According to the European Commission, labour productivity will become the key driver of growth in the EU (European Commission, 2012, 2013, 2014). For the EU and for the euro area, labour input acts as a drag on growth over the projection period (2010-2060), as the working-age population is projected to decline. As a result, labour input contributes negatively to annual output growth on average over the projection period. Hence, labour productivity growth becomes the sole source for potential output growth in both the EU and the euro area starting from 2028.
The main research question underpinning this project is how the aspirations of policy makers were manifested at a micro-level and how those strategies were seen by the actors to translate into outcomes, seeking to illuminate why the productivity problem persisted in some of the observed countries.
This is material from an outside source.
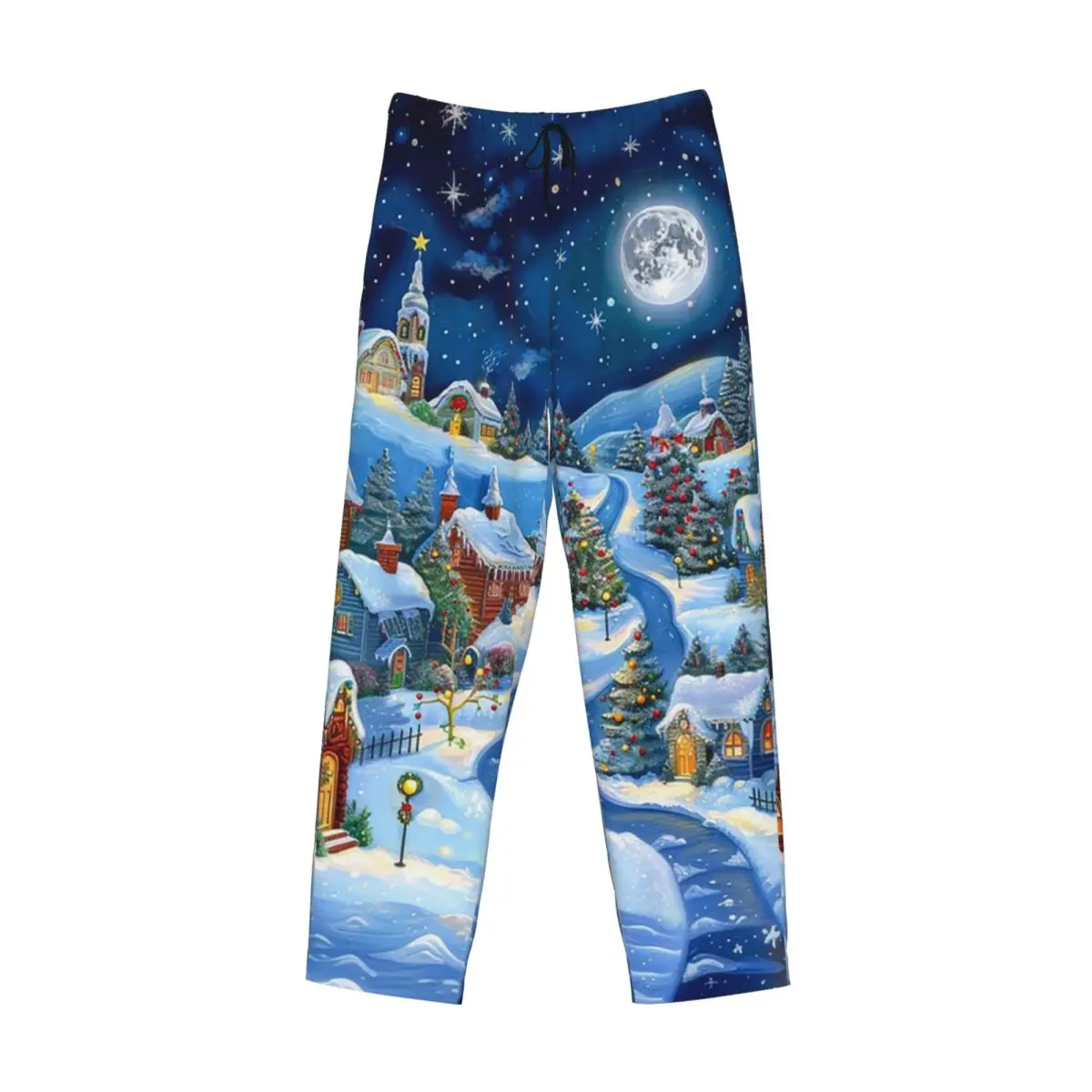Custom Christmas Town Full Moon Snow Village Pajama Pants Men Sleepwear Sleep Lounge Bottoms with Pockets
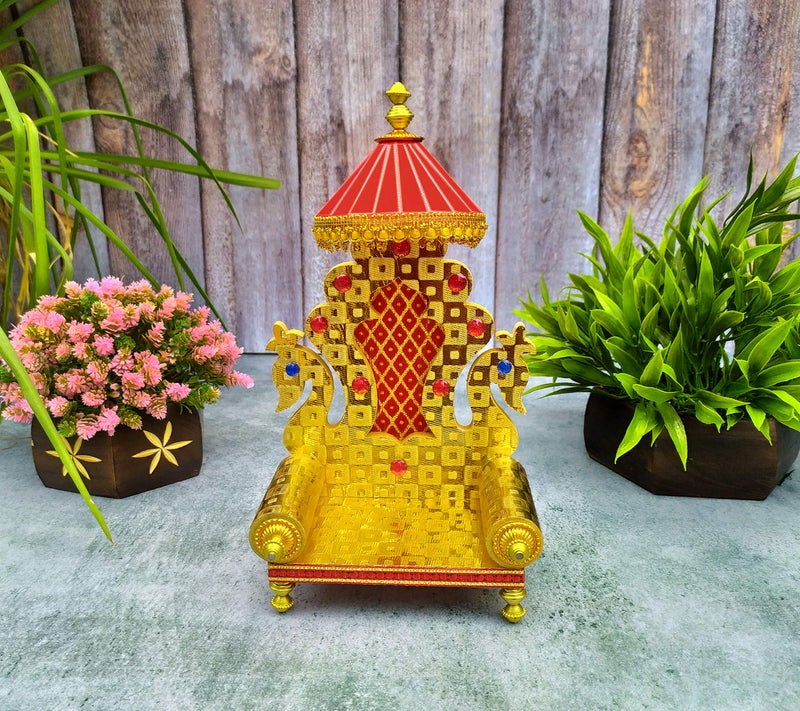 SHINDE EXPORTS Wooden Laddu Gopal Singhasan (9 inches , Golden ) - Image 2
To answer this question, the project looked at methodologies of coordination between bargaining levels, as well as at best practices of productivity agreements combining work efficiency with sustainability in six EU countries: Germany, Italy, the Netherlands, Poland, Spain and the UK. Precisely, five salient dimensions of industrial relations activity that have clear productivity and performance implications were considered: (i) employee reward; (ii) workers’ participation and involvement; (iii) skills and job-classifications; (iv) work organisation; (v) inclusion and diversity. Using a case study approach the team investigated industrial relations activities relating to the four dimensions and considered how productivity was articulated. 
With the aim to turn knowledge into skills and competences, the overall results of research were transferred to workers’ and management’s representatives within a capacity building training programme.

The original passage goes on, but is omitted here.